Please return every record exactly as it appears.

⟨

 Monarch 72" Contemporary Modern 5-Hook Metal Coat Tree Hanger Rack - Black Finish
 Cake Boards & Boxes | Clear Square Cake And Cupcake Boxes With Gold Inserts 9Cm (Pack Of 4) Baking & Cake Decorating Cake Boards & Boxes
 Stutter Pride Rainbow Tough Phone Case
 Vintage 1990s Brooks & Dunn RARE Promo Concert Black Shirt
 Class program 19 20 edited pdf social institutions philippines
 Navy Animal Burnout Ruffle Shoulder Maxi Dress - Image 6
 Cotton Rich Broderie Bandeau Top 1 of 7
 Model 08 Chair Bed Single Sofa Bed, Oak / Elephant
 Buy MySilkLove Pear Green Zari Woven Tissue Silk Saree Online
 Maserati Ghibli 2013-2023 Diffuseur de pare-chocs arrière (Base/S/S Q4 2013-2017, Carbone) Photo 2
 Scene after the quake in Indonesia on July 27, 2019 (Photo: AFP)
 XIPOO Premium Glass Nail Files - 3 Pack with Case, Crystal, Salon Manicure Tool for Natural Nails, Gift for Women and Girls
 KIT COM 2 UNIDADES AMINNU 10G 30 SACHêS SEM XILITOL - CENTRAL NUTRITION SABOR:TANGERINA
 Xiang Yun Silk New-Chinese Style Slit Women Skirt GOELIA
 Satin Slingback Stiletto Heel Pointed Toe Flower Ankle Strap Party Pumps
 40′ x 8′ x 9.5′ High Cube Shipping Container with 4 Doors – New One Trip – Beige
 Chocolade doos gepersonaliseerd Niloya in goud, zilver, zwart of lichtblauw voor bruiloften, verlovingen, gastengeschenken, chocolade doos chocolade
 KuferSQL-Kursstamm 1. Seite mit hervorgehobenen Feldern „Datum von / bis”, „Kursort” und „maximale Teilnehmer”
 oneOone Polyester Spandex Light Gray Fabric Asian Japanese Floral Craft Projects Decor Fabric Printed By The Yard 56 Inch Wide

⟩

### Task output
 Monarch 72" Contemporary Modern 5-Hook Metal Coat Tree Hanger Rack - Black Finish
 Cake Boards & Boxes | Clear Square Cake And Cupcake Boxes With Gold Inserts 9Cm (Pack Of 4) Baking & Cake Decorating Cake Boards & Boxes
 Stutter Pride Rainbow Tough Phone Case
 Vintage 1990s Brooks & Dunn RARE Promo Concert Black Shirt
 Class program 19 20 edited pdf social institutions philippines
 Navy Animal Burnout Ruffle Shoulder Maxi Dress - Image 6
 Cotton Rich Broderie Bandeau Top 1 of 7
 Model 08 Chair Bed Single Sofa Bed, Oak / Elephant
 Buy MySilkLove Pear Green Zari Woven Tissue Silk Saree Online
 Maserati Ghibli 2013-2023 Diffuseur de pare-chocs arrière (Base/S/S Q4 2013-2017, Carbone) Photo 2
 Scene after the quake in Indonesia on July 27, 2019 (Photo: AFP)
 XIPOO Premium Glass Nail Files - 3 Pack with Case, Crystal, Salon Manicure Tool for Natural Nails, Gift for Women and Girls
 KIT COM 2 UNIDADES AMINNU 10G 30 SACHêS SEM XILITOL - CENTRAL NUTRITION SABOR:TANGERINA
 Xiang Yun Silk New-Chinese Style Slit Women Skirt GOELIA
 Satin Slingback Stiletto Heel Pointed Toe Flower Ankle Strap Party Pumps
 40′ x 8′ x 9.5′ High Cube Shipping Container with 4 Doors – New One Trip – Beige
 Chocolade doos gepersonaliseerd Niloya in goud, zilver, zwart of lichtblauw voor bruiloften, verlovingen, gastengeschenken, chocolade doos chocolade
 KuferSQL-Kursstamm 1. Seite mit hervorgehobenen Feldern „Datum von / bis”, „Kursort” und „maximale Teilnehmer”
 oneOone Polyester Spandex Light Gray Fabric Asian Japanese Floral Craft Projects Decor Fabric Printed By The Yard 56 Inch Wide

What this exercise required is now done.